Dopo la disastrosa giornata di oggi, l'ombra del fallimento e di una nuova crisi globale. Ma sarà davvero così? I commenti degli esperti

ZURIGO - Quando c'è aria di crisi, o anche solo una lontana parvenza, nel mondo della finanza – si sa – a fare la differenza sono le rassicurazioni e le prese di posizione. Quando queste, invece, non solo non arrivano ma vengono addirittura disilluse allora sono davvero guai.

Cronaca di un mercoledì nero

È questo, in larga sintesi, il ritratto della giornata di oggi del tribolato colosso elvetico Credit Suisse che, dopo aver rassicurato che il suo coinvolgimento con la fallita Silicon Valley Bank sarebbe di entità «non rilevante», è stato poi preso in contropiede dai partner sauditi di maggioranza. La Saudi National Bank, infatti, ha categoricamente negato all'agenzia stampa Reuters qualsiasi possibilità di nuovi afflussi di liquidità.

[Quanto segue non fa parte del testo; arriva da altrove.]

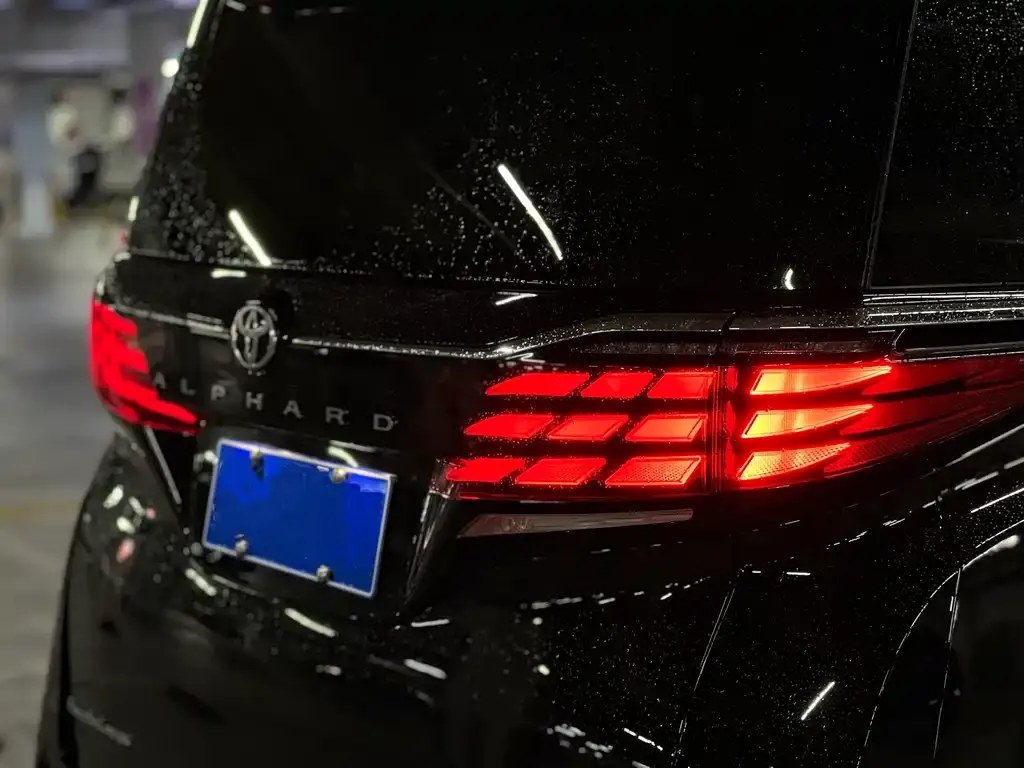 Toyota Alphard 2024 из CN, фото 7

Tanto è bastato per generare un crollo a valanga del titolo in borsa che è arrivato a toccare (e per l'ennesima volta) il suo minimo storico, con un valore parecchio al di sotto dei 2 franchi e un picco abissale attorno agli 1,55 fr. (-30% sul valore di martedì).

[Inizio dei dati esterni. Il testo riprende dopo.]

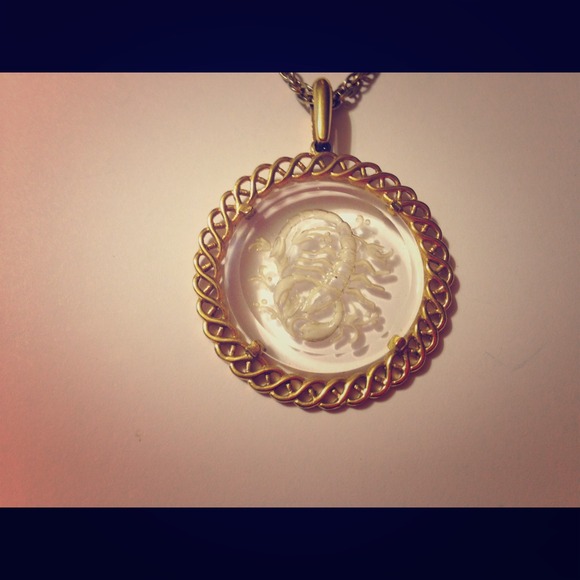 Scorpion necklace vintage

A fine giornata il titolo si attestava attorno al -24%. Una tendenza negativa che ha finito per influenzare le borse europee che sono tutte sprofondante nelle cifre rosse. Importanti le ripercussioni anche sugli altri istituti di credito elvetici (Ubs su tutti) e anche le assicurazioni (Swiss Life, Zurich). 

L'ombra di un nuovo 2008

Al momento, è impossibile negarlo, la preoccupazione di un nuovo tracollo finanziario globale è forte, e gli sguardi di tutto il mondo – dai Paesi vicini fino ai lontani, ma ugualmente tribolati, States – sono rivolti verso Berna.

La speranza è che la Bns possa fare chiarezza e rassicurare non solo i mercati e gli azionisti, ma anche i clienti. Sono proprio questi che, con un'eventuale fuga di capitale, potrebbero davvero mettere in ginocchio l'istituto di credito.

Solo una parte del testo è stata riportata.